For a while there was a man in our life.  I wasn’t sure about him at first, but he was friendly and nice to me.  I think after he’d been around us for a few years he got tired of me.  I’m glad I stayed with Leigh, but I was sad to leave him behind.  He didn’t even say goodbye.

Leigh also has a bird, now, although I’ve been with her longer.  The bird throws interesting food on the floor, but he also bites really hard and makes loud noises that hurt my ears.  I don’t really like the bird, but Leigh does, so I leave him alone.

I like living with Leigh.  I have soft things to sleep on (she even lets me sleep with her sometimes) and plenty of food.   I’m still nervous about drinking, and thunder makes me scared when she’s not around, but I have a lot less to be afraid of now.  If I could have one wish it would be that Leigh wouldn’t leave so much, but I know she’ll come back.  She wants me, and she loves me.

Unlike other dogs with a beginning like mine, my story has a happy ending.

Dog Days, part 3

I don’t really like to talk about what happened next.

I managed to scrape by, finding food where I could.  I learned to eat fast, so the scraps that I found wouldn’t get stolen.  Water was the hardest.  There were two places where water was always available.  One was the river, a scary place to try to get a drink.  The other was a pool guarded by a nasty mean dog.  Every once in a while, when he was in a good mood, he’d let someone get a drink, but I was always too scared to try.  I made do with puddles, drinking as much as I could.

I’m ashamed to admit that I followed people, hoping for a handout or even a home.  I’m not proud of it, but it was necessary.  It turned out to be for the best, though, because a sweet girl with a little dog finally felt sorry for me and let me come to live with her.  She was the first person to give me a name; she called me Eli.

It was nice, where she lived, and I would have liked to stay, but her dog was mean and didn’t like me.  Because I was scared of him, I never got enough to eat.  The girl wanted to me to stay, but her father convinced her that perhaps I needed a different home.  I don’t know how they knew her, but they introduced me to Leigh.  She had a kind voice and was careful with me, because she knew a little bit about my history.

I didn’t know it at the time, but the best day of my life was when I went to live with Leigh.

Dog Days, part 2

Read part 1 here.

It’s amazing how one traumatic event can etch an entire day into your mind.

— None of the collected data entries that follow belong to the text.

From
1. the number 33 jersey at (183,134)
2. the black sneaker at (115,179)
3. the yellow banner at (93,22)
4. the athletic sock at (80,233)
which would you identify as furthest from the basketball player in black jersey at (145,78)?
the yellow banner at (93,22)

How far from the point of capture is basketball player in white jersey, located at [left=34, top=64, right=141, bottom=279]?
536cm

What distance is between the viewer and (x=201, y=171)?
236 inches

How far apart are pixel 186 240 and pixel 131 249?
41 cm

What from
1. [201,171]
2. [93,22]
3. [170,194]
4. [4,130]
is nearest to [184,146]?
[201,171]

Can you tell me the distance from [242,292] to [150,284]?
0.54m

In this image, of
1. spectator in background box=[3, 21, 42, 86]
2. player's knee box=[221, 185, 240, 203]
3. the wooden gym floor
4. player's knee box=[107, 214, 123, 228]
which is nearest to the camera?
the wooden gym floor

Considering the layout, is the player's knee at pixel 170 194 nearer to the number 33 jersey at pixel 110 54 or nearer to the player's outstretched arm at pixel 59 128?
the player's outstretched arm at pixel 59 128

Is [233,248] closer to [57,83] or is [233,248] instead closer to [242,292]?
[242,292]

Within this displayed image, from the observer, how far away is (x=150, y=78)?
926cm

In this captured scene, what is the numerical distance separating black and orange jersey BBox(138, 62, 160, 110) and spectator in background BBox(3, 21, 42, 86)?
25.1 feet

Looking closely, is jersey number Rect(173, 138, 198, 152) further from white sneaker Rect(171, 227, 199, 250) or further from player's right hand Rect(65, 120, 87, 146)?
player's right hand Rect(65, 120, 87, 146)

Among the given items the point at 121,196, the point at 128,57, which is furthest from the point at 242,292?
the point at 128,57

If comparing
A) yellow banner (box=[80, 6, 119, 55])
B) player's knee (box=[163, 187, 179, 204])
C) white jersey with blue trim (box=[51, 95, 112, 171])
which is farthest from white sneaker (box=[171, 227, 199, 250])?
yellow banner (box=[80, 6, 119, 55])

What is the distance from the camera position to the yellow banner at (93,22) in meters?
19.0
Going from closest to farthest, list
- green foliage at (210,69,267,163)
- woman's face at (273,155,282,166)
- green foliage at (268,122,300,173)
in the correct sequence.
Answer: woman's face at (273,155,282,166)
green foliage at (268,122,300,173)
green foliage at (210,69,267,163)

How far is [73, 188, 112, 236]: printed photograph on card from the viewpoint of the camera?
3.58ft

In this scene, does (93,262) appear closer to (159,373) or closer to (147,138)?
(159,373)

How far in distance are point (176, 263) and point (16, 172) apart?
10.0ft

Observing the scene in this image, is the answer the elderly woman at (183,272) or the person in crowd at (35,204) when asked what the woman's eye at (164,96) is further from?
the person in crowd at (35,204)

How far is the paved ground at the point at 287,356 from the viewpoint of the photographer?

The day started out exciting.  It was the first time I had ever been to a park.  I had been outside before, but this was a big outside, with lots of activity.  I remember wanting to run, but I was scared, too, so I would run away just a little and then run right back to my mother.  This was a lot of fun for a while, until I saw the squirrel.

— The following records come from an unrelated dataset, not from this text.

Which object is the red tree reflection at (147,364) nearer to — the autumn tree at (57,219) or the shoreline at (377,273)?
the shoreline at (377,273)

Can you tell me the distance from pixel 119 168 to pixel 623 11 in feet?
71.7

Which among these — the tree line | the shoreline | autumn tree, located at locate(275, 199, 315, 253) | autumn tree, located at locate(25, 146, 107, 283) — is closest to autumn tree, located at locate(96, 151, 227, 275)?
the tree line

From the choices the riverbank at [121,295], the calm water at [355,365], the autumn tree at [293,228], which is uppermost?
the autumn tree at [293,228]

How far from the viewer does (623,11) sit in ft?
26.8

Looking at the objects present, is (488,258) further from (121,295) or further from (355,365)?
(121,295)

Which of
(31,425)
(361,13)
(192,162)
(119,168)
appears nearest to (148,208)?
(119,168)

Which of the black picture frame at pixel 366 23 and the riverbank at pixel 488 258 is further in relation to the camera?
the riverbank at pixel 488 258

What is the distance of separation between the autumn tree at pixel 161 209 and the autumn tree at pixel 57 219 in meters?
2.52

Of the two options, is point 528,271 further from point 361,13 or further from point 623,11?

I know what it’s called now, but at that point all I knew was that this fluffy thing was really interesting.  When I tried to get close, it ran away from me.  I had to chase it!  We ran across a big, green lawn and then into some trees.  When the squirrel ran up into one, I stood at the bottom.  I was so excited!  I yelled and yelled, “Look!  Look!!”

It was a few minutes before I realized that no one was around.  I ran back to where everyone had been, as quickly as I could, trying to find my mother.

No one was there.  I looked and looked.  I even cried.  But I couldn’t find them.

They might have left me on purpose, or maybe it was an accident.  Either way, they didn’t come back to look for me.  I know, because I stayed in the park for three days, looking for them.  If they had wanted to find me, it would have been easy.

After three days I realized that they didn’t want me.  I was alone.